Barbara stirbt nicht von Alina Bronsky

[Werbung] Auf Bookbeat entdeckt, Hörbuch gestartet und nicht mehr aufgehört. Ich brauche mehr von solchen Geschichten.


"Überzogen und schwarzhumorig, den Blick auf den dramatischen Hintergrund aber nicht verlierend. 
Ganz großartig!" 

Meine Meinung

Wenn Rentner Walter Schmid frühmorgens das Bett verlässt, duftet das Haus normalerweise nach Kaffee. Doch an diesem einem schicksalsträchtigen Morgen riecht Herr Schmid nichts, was bedeutet, dass Barbara etwas zugestoßen sein muss.
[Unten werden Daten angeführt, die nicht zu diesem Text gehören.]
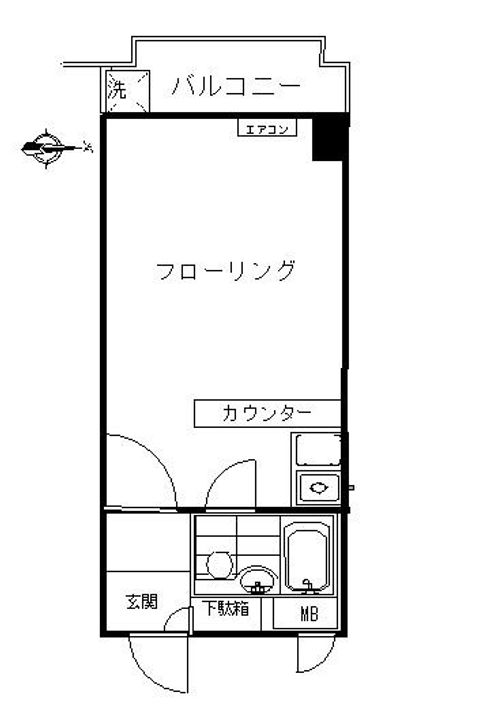 プラザ百合ヶ丘の間取り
Barbara, Herrn Schmids Ehefrau ist auf dem Weg ins Badezimmer zusammengebrochen und fortan ans Bett gefesselt. Sie ist zu schwach um aufzustehen, schläft fast durchgehend und mag auch nichts mehr essen. Nun ist es an Herrn Schmid,  der noch nie in seinem Leben Kaffee gekocht oder eine Tütensuppe zubereitet hat, sich um Barbara, den Haushalt und die Einkäufe zu kümmern. 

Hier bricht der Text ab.